Sneed was discharged from Olmsted County probation in 2005, but the report that Olmsted County agent made didn’t include the official discharge order, Bunger said.

Olmsted County discovered the error in December of 2020 and sent a new discharge order for the 2005.

“Somebody believed that that was a full restoration of rights to include firearms, which is never the case,” Bunger said.

Bunger added that it would have been “clearer” if Olmsted County Corrections had included the stipulation about firearm rights in Sneed’s discharge order, but he says it certainly shouldn’t have resulted in a gun permit for Sneed without a background check.

Bunger said it “struck (him) as odd that that discharge order would be used in any way to obtain a permit because the background process hasn’t changed.”

“If you go in any county in Minnesota … you say, I’d like to apply for a firearm permit to either carry or obtain or to purchase, you fill out that packet of information, and the sheriff’s office does a background check,” Bunger said. “And I ran one on this individual and this conviction clearly shows up.”

Olmsted County Attorney Mark Ostrem was more definitive in his assessment.

“This does not implicitly restore his right to possess firearms,” Ostrem said. “Usually such orders are explicit about what rights are restored and what is not.  I hope no sheriff’s office granted a permit based on this order without looking further.”

“He remains ineligible to possess,” Nelsen agreed. “But it wasn’t properly addressed and the Sheriff granted the permit. Even though he is ineligible under the statute, because he was granted the permit by the sheriff, we are unable to prosecute him on the gun charges.”

Sandvik confirmed Wednesday that Sneed was indeed ineligible to purchase firearms in 2021, and that his permit was revoked shortly after his arrest in December of 2022.

However, he said he spoke to the Mower County attorney’s office specifically about the order of discharge, which was attached to Sneed’s permit application in 2021, before granting the permit.

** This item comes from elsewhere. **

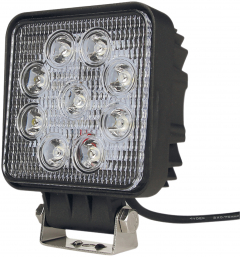 Phare de travail carré LED - Sodiflash - 27 W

If the discharge order had not been attached to the permit, Sandvik said, he would have rejected the permit immediately.

Because it was attached, he said he called the Mower County Attorney’s office. 

“That’s the office we contact when we have questions,” he said. 

Sandvik said he “can’t speak to a miscommunication,” but he recalled consulting with someone at the Mower County Attorney’s office over the phone, giving them a verbal description of the discharge order, and being told that the order meant Sneed was now eligible to purchase firearms. 

“We have no record of any conversation with the Sheriff regarding this,” Nelsen said.

Sneed still faces three counts of interfering with privacy, three counts of 5th-degree drug possession, and three charges of controlled substance user in possession of a firearm after allegedly hiding cameras in his bathroom and interfering with the privacy of three individuals Monday, Feb. 6.